LeetCode 557. Reverse Words in a String III

Given a string, you need to reverse the order of characters in each word within a sentence while still preserving whitespace and initial word order.

Example 1:

Input: "Let's take LeetCode contest"
Output: "s'teL ekat edoCteeL tsetnoc"

Note: In the string, each word is separated by single space and there will not be any extra space in the string.

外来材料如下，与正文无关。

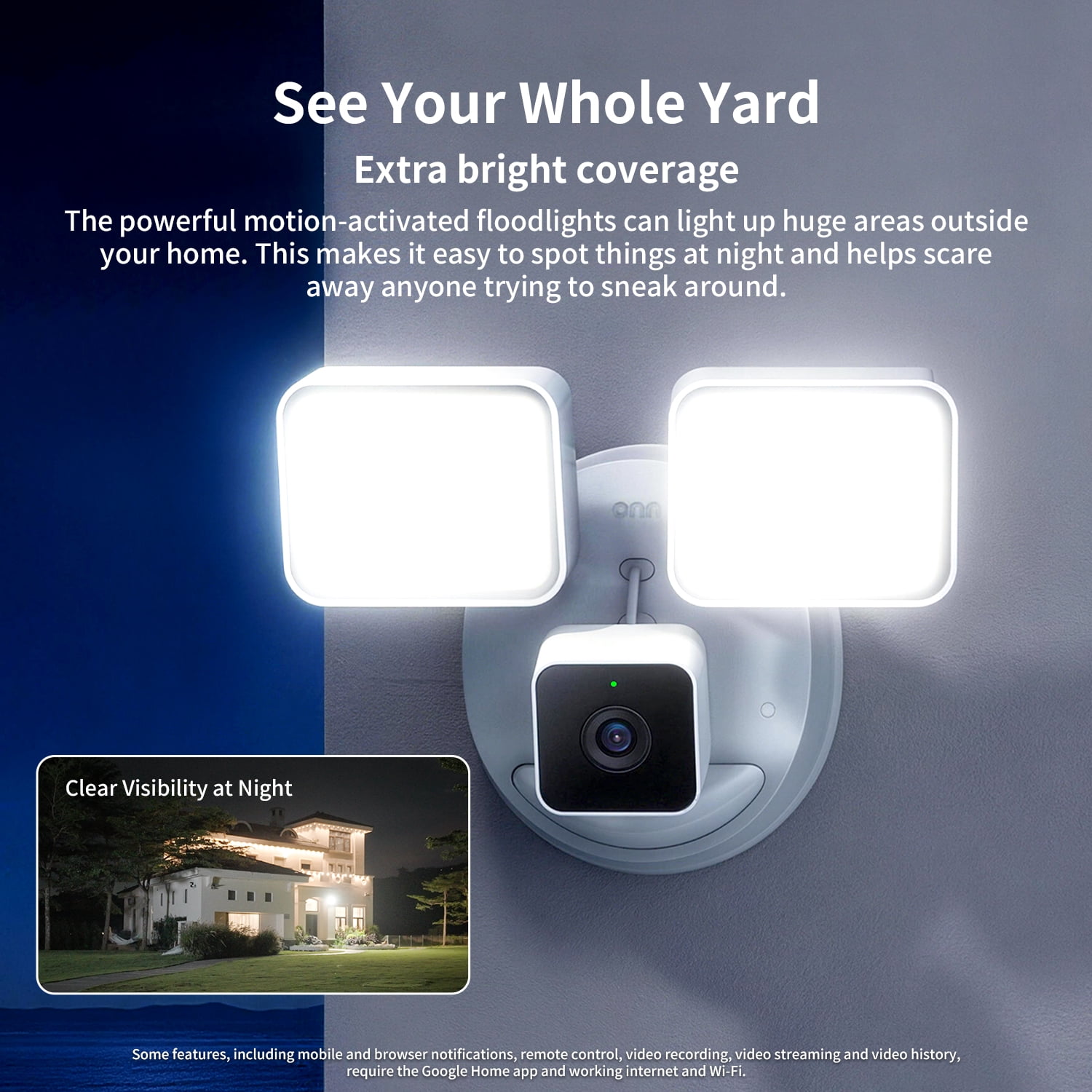 onn Outdoor Floodlight Camera Hardwired , 1080p HDR Video | with Google Home and Gemini – Search Video History, Event Descriptions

题目的要求很简单，要求翻转每个单词，但是保持空格以及单词的相对顺序不变，最开始我想的是用一个栈，遇见空格把栈中的单词弹出，最后也确实AC了，代码如下：

class Solution {
public:
    string reverseWords(string s) {
        stack<char> sta;
        //s += ' ';
        string res = "";
        for (int i = 0; i <= s.length(); i++)
        {
           if (s[i] != ' ' && i != (s.length()))
           //if (s[i] != ' ')
            {
                sta.push(s[i]); 
                //cout<<sta.top()<<endl;
            }
            else
            {
               while (!sta.empty())
               {
                 res += sta.top();
                 //std::cout<<sta.top();
                 sta.pop();
               }
               if (s[i] == ' ')
                 res += ' ';
            }
        }
        cout<<endl;
        return res;
    }
};

当然也可以使用reverse函数，代码如下：

class Solution {
public:
    string reverseWords(string s) {
        int front = 0;
        for (int i = 0; i <= s.length(); i++)
        {
            if (s[i] == ' ' || i == s.length())
            {
                reverse(&s[front], &s[i]);
            front = i + 1;
            }
                
        }
        return s;
    }
};

或者是使用两个指针，分别指向字符串的 头和尾部：

class Solution {
public:
    string reverseWords(string s) {
        int start = 0, end = 0, n = s.size();
        while (start < n && end < n) {
            while (end < n && s[end] != ' ') ++end;
            for (int i = start, j = end - 1; i < j; ++i, --j) {
                swap(s[i], s[j]);
            }
            start = ++end;
        }
        return s;
    }
};